Gobierno nuevo con viejo presupuesto

Gobierno nuevo con viejo presupuesto

Gobierno nuevo con viejo presupuesto

Los planes, contrario a los sueños y los deseos, entran dentro de las actividades que pautan el desarrollo de las naciones, las sociedades y los hombres, ya que están vinculados a partidas presupuestarias y un riguroso cronograma que garantizan su ejecución.

El gobierno que iniciará con el presidente reelecto el 16 de agosto cuenta con un plan de nación. Nos compete a todos, desde el Gobierno Central hasta la familia más apartada del país.

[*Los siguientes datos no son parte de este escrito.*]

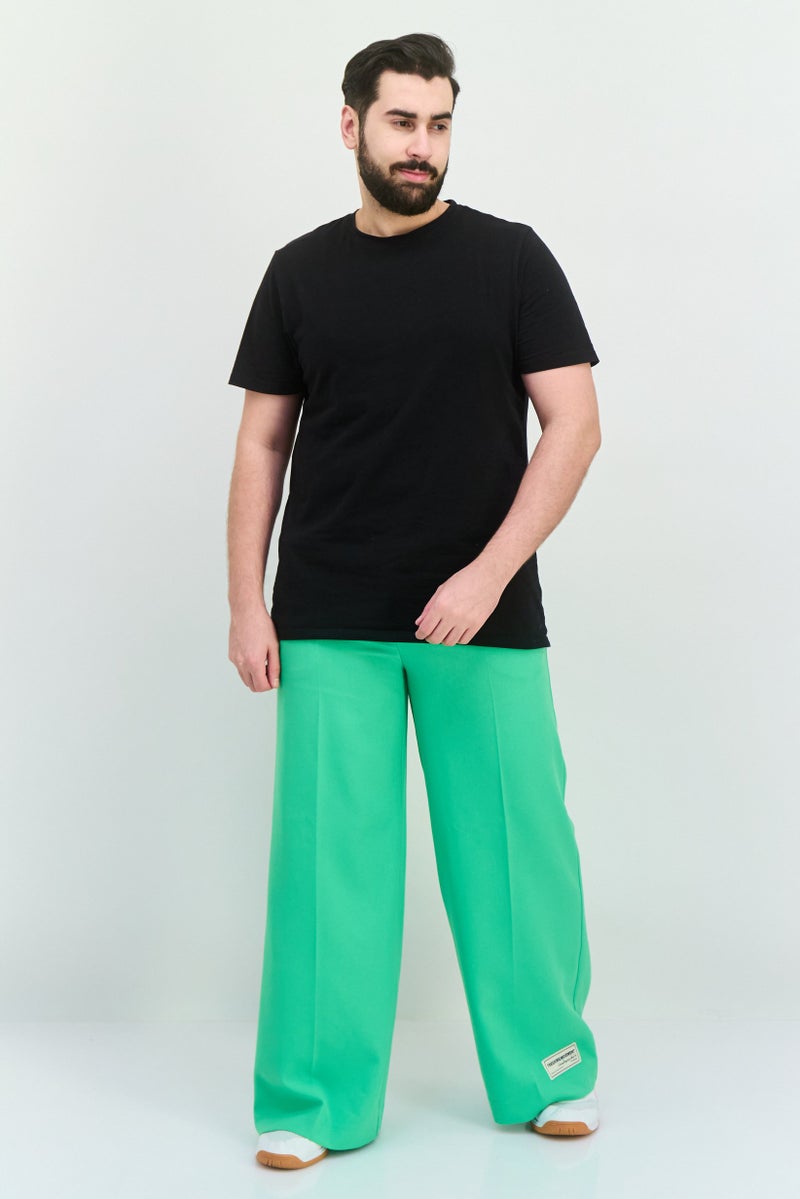 The Giving Movement Men Regular Fit Brand Logo Wide Leg Pants, Green - Image 4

Será un plan que contará con el presupuesto íntegro, aprobado por el Congreso Nacional hasta el 31 de diciembre y que debe invertirse en todos los compromisos asumidos y que deberán de ejecutarse a todo lo largo y ancho del país y para cubrir los ineludibles acuerdos internacionales.

En lo que resta del año, a partir del 16 de agosto, se podría pensar que no es mucho lo que se puede hacer. En cambio, si desde el timón del país se piensa en la continuidad del Estado estamos hablando que sería mucho lo que podemos avanzar, mucho lo que el mismo podrá exhibir como logros a corto y mediano plazo.

La voluntad de hacer, si el Gobierno se apega a sus propios planes y con el Presupuesto en curso, serán la fuerza motora que impulsará la ejecución e inversión más idónea de los recursos disponibles.

Si la meta es avanzar, aportar al país y aunar esfuerzos para alcanzar mejores estándares económicos y sociales, llegó el momento. El reloj empieza a correr a partir de agosto para el nuevo gobierno.

Un tiempo que también deberá aprovechar nuestra clase dirigencial, que incluye políticos, empresarios, líderes de la iglesia, profesionales y organizaciones de la sociedad civil. Empieza la cuenta y empezamos a contar.